▸ Assignment: Nothing but the lines from the one containing "Holiday Greetings with" to the end of the records that follow should be transcribed, each exactly, with the pictures left out.

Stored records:
•••••
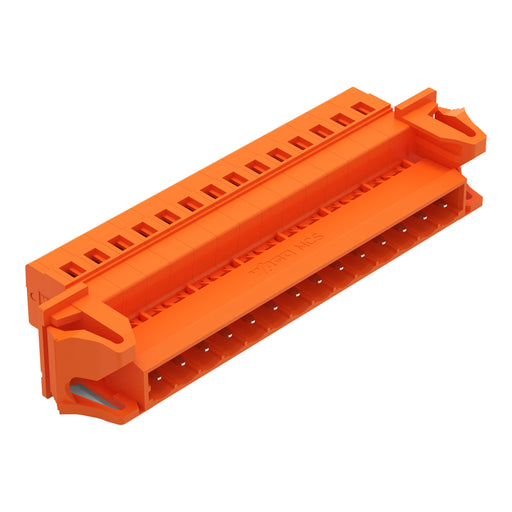 WAGO - Kabelsteckverbinder für Leiterplattensteckverbinder 1-Leiter-Stiftleiste 231-644/114-000 CAGECLAMP,2,5mm²,or − 25 Stück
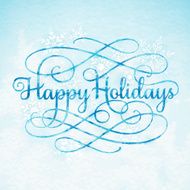 Holiday Greetings with Watercolor Calligraphy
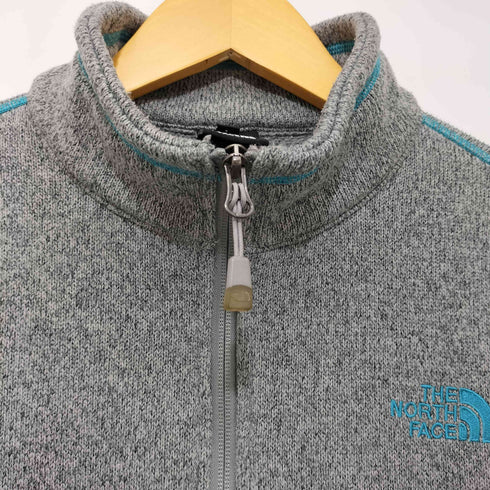 ザノースフェイス THE NORTH FACE ロゴ刺繍 ジップアップ ニット ジャケット レディース 100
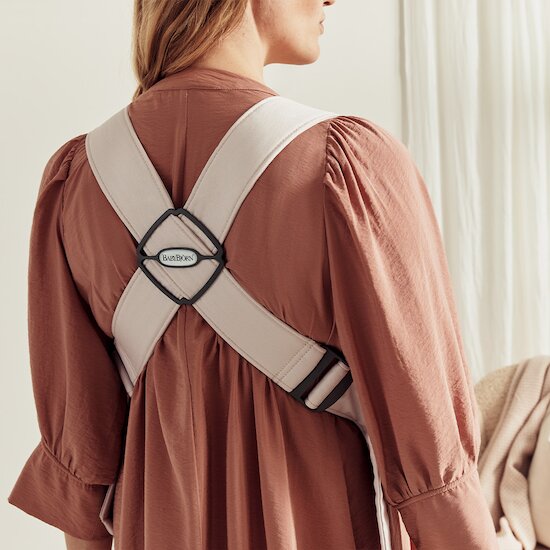 Porte-bébé Mini   Beige Clair Jersey 3D        de               BabyBjörn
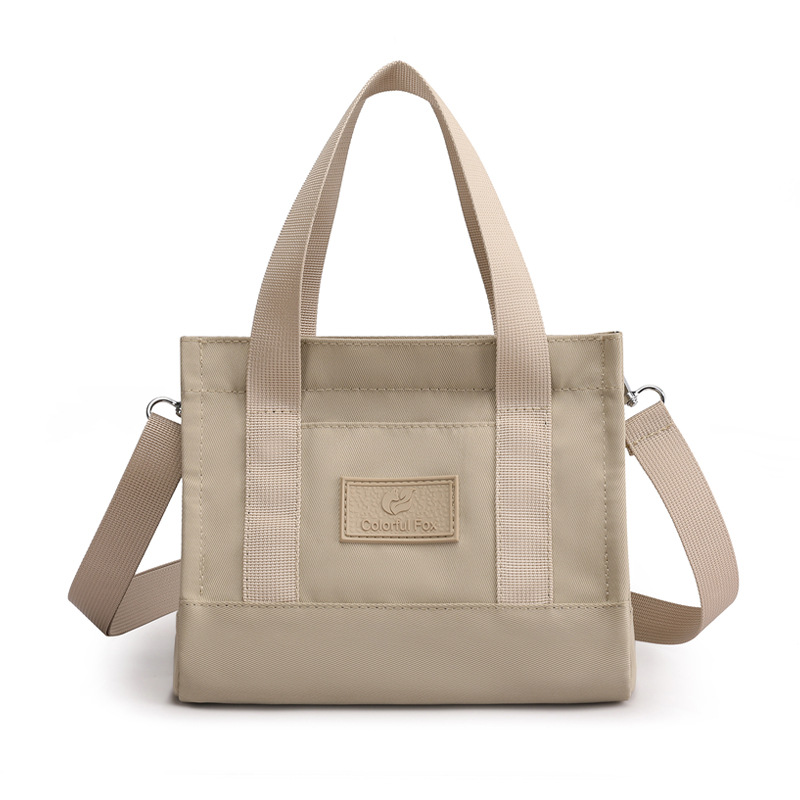 Factory wholesale waterproof nylon women's bags, fashionable, simple and individual crossbody bags, shopping handbags, versatile single-shoulder bags Item Picture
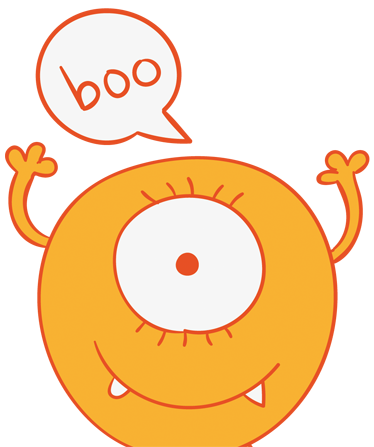Tapete vinílico criança adesivo armário monstro amarelo - TenStickers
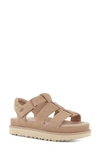 Ugg Goldenstar Strappy Platform Sandal In Driftwood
•••••
▸ Exercise solution:
 Holiday Greetings with Watercolor Calligraphy
 ザノースフェイス THE NORTH FACE ロゴ刺繍 ジップアップ ニット ジャケット レディース 100
 Porte-bébé Mini   Beige Clair Jersey 3D        de               BabyBjörn
 Factory wholesale waterproof nylon women's bags, fashionable, simple and individual crossbody bags, shopping handbags, versatile single-shoulder bags Item Picture
Tapete vinílico criança adesivo armário monstro amarelo - TenStickers
 Ugg Goldenstar Strappy Platform Sandal In Driftwood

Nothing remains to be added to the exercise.